In the televised report, one Arab American noted that she has been here some 18 years now. What she didn’t say is that, most likely, this is longer than those flag-waving kids have been alive.
McKinney documented the tensions in previously all-white communities. “The suburbs to the southwest of Chicago,” she wrote, “have never been known for eagerness to embrace diversity. Nevertheless, diversity is beginning to embrace them.”
This may be a difficult reality for some. Our country has been a majority-white culture throughout most of its history. But the nation is changing. So is Illinois. It’s happening on a religious level, on a cultural level and on a racial level. And, not coincidentally, on a political level.
There is no question Islam is a growing religion in Illinois. And no question that the Arab population is growing in the southwest suburbs. In fact, that region accounts for almost a third of metropolitan Chicago’s approximately 150,000-strong Arab community, the nation’s third-largest.

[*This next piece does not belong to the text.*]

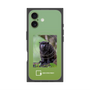 プレミアムスクエアケース with MagSafe［ Green Future Project - Black-mantled Tamarin ］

This state’s Asian population is increasing, too. Stephanie Zimmermann writes in “Naperville, meet Asia” (see page 22) that the DuPage County community’s Asian and Pacific Islander population was 1,179 in 1980 and 4,133 in 1990. In 2000, when Asians were counted separately from Pacific Islanders, Zimmermann writes, “there were a whopping 12,380 Asians in Naperville, or about 9.6 percent of the total population.”
Naperville School District 203 counts among its students Indians, Pakistanis, Koreans, Chinese, Taiwanese, Japanese, Indonesians, Cambodians, Thais, Vietnamese and Laotians. “The world is changing,” Miriam Yeung, the district’s curriculum coordinator for the English as a Second Language Program, told Zimmermann.
Indeed, it is. Beardstown has added Spanish-speaking teachers to serve that downstate community’s growing Hispanic population. Lisa Kernek wrote last month that the town experienced a nearly 2,000 percent increase in its Hispanic population between 1990 and 2000, the steepest rise in the state, according to U.S. Census Bureau figures (see “Growing pains,” September, page 21).
What’s striking is that Beardstown is far from any major urban area. That is precisely the theme Dave McKinney develops in this month’s cover story, “The new immigrants,” which begins on page 16. An increasing number of immigrant families are sidestepping urban neighborhoods altogether. They’re settling instead in the smaller communities that dot the state. That means diversity is spreading throughout Illinois.
And, as we read in the columns on pages 6, 41 and 42, the reality of these social and cultural shifts will be reflected in the state’s political makeup.
Immigrants are not on the periphery of who we are. They are Illinois.